Friedlander asked the federal district court to certify the legal question to the Minnesota Supreme Court through a rarely used statutory procedure. The federal district court granted the request. Halunen Law then joined forces with co-counsel Nichols Kaster PLLP and Apollo Law to present Friedlander’s case to the Minnesota Supreme Court.
In the Court’s opinion Chief Justice Gildea explained that the Court must adhere to the statute’s plain language. “Interpreting the phrase ‘good faith’ to have a meaning other than that given [by the legislature] would contradict the plain language of the amended statute.” The Court concluded that “the 2013 amendment to the Minnesota Whistleblower Act, defining the phrase ‘good faith’ . . . . eliminated the judicially created requirement that a putative whistleblower act with the purpose of exposing an illegality.”
Clayton Halunen, managing partner of Halunen Law, commented: “The legislature recognized that employees who make reasonable reports of wrongdoing are worthy of the law’s protection. After the 2013 amendments, the lower courts continued to apply the old case law. It was frustrating to watch. With today’s decision, the Minnesota Supreme Court makes clear that the statute’s plain language governs.”
Steven Andrew Smith, a partner at Nichols Kaster, agreed and stated, “The Court’s decision added much-needed clarity to the law and unequivocally shifted the focus of whistleblower cases back to where it should be: on whether an employer terminated or penalized an employee for opposing illegal conduct.”
Adam Hansen, of Apollo Law, who argued the case before the Minnesota Supreme Court, elaborated, “Today’s decision reinforces the value of protecting whistleblowers from unlawful retaliation. The decision reaffirms that employees can take steps in the workplace to call out illegal conduct without fear of losing their jobs. Ultimately, today’s decision will protect not just employees, but the public. The court recognized that protecting employees who oppose unlawful practices–for example, environmental dumping, financial crimes, or workplace safety hazards–helps stop the illegal behavior from happening in the first place.”

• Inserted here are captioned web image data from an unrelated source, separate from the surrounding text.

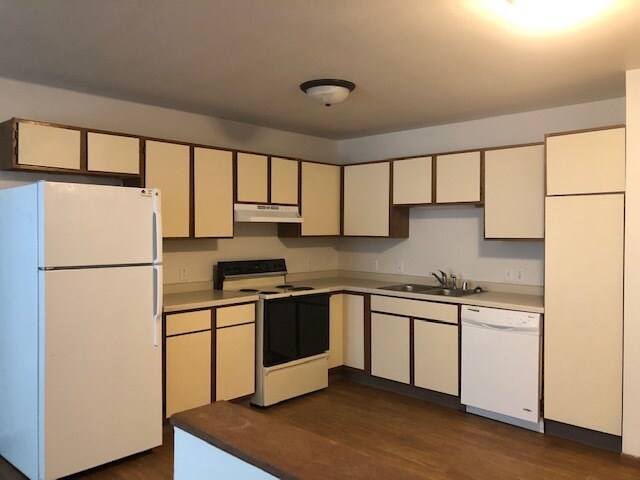 Building Photo - 1518 S Wasson Ln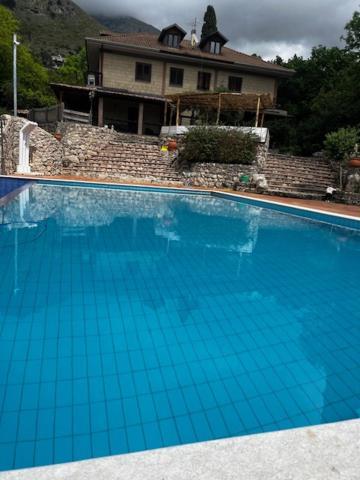 Domus Arco Romano Guest House إيتري المظهر الخارجي الصورة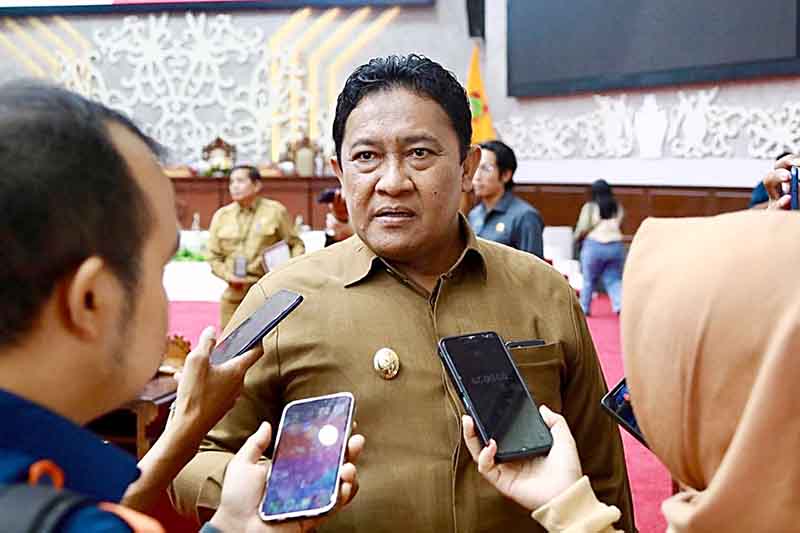 Wagub Kalteng, H. Edy Pratowo saat diwawancarai awak media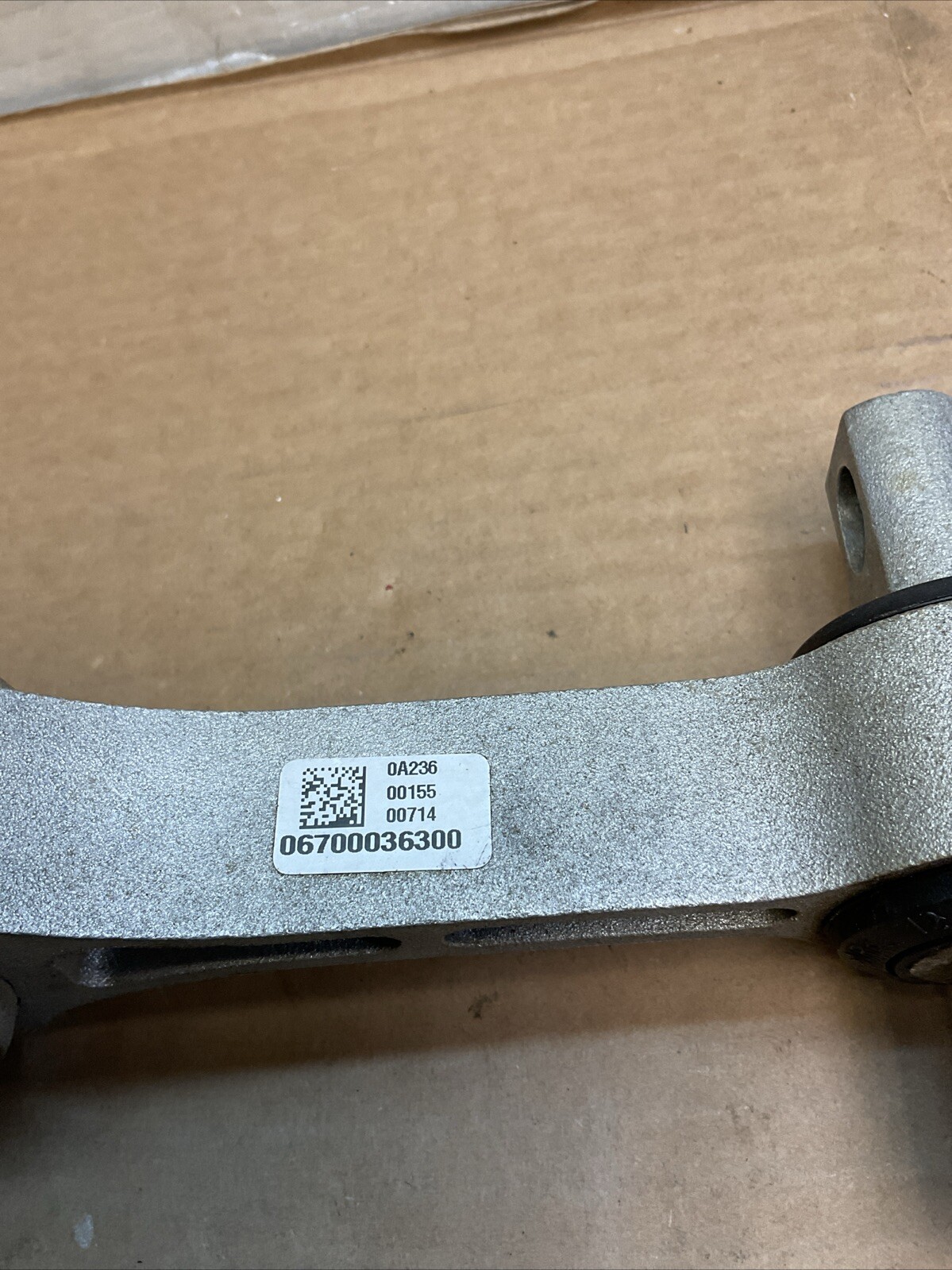 Maserati Quattroporte 2014-2020 RIGHT Engine mount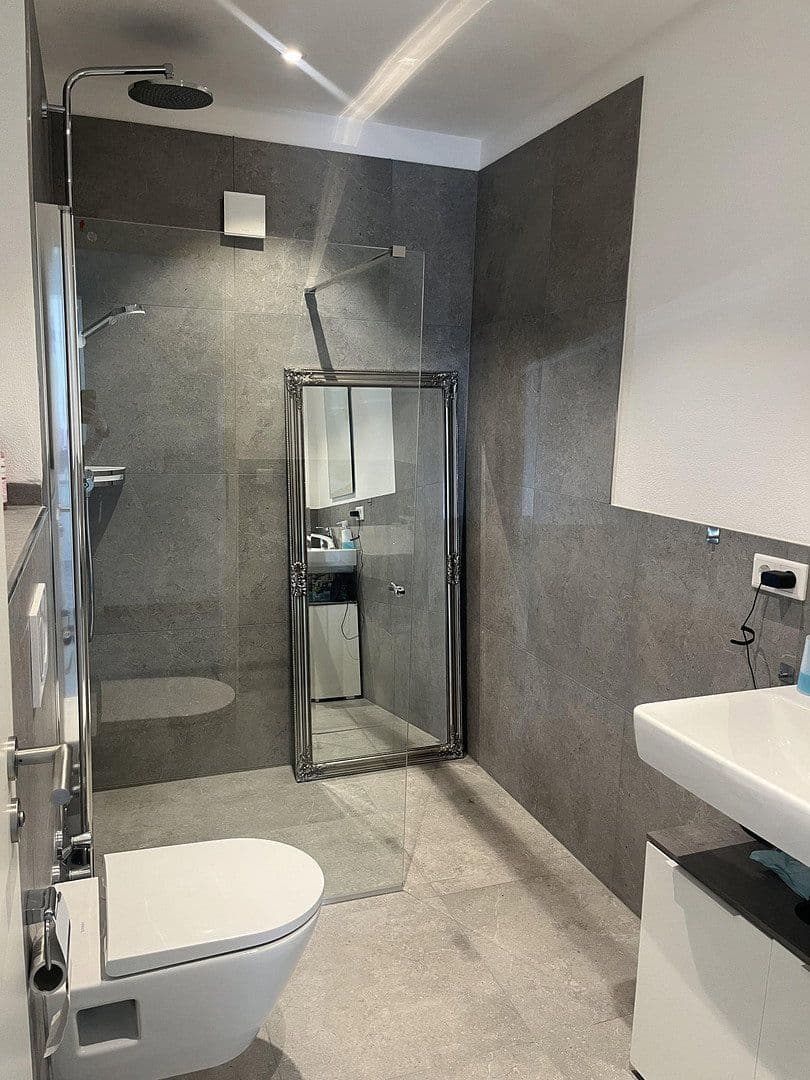 Prenájom domu 404 m², pozemek 600 m², Geretsried, Bavorsko Prenájom domu 404 m², pozemek 600 m², Geretsried, Bavorsko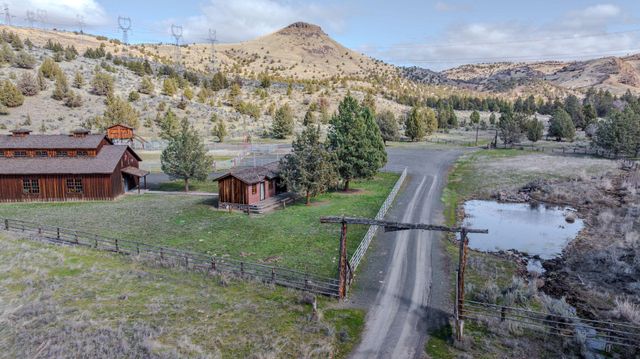 11251 NE HWY 97, Madras, OR 97741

Link here to read the full decision.
ABOUT HALUNEN LAW: Halunen Law offers expertise in litigating consumer class actions and proven track record of success in challenging deceptive marketing, corporate fraud, and illegal business practices. Halunen also offers experienced representation to employees and whistleblowers under the False Claims Act and other statutes. With offices in Minneapolis and Chicago, Halunen Law has achieved a reputation as a fearless, tenacious and successful plaintiffs’ law firm, with a laser focus on achieving justice for its clients while creating meaningful social change. For more information about Halunen Law visit HalunenLaw.com.
About Nichols Kaster, PLLP: The firm is led by its partners, who are regularly selected by their peers as Super Lawyers and Best Lawyers, and are leaders in numerous professional organizations, such as the National Employment Lawyers Association, the ABA Federal Labor Standards Legislation Committee, the Practicing Law Institute, Minnesota National Employment Lawyers Association, Public Justice, and the Council for the Minnesota State Bar Association’s Consumer Litigation Section. For more information about Nichols Kaster PLLP visit www.nka.com.
About Apollo Law: Apollo Law represents employees and consumers in appellate litigation. Apollo Law began with a simple premise: that employees and consumers should have access to top-flight appellate counsel. Large corporations employ a deep and talented bench of appellate specialists. Apollo Law brings the same singular focus, experience, and knowledge to bear on behalf of employees, consumers, and other aggrieved individuals. Through its work, Apollo Law aims to vindicate the rights of its clients while improving the legal landscape for workers and individuals everywhere. For more information about Apollo Law’s appellate services, visit www.apollo-law.com.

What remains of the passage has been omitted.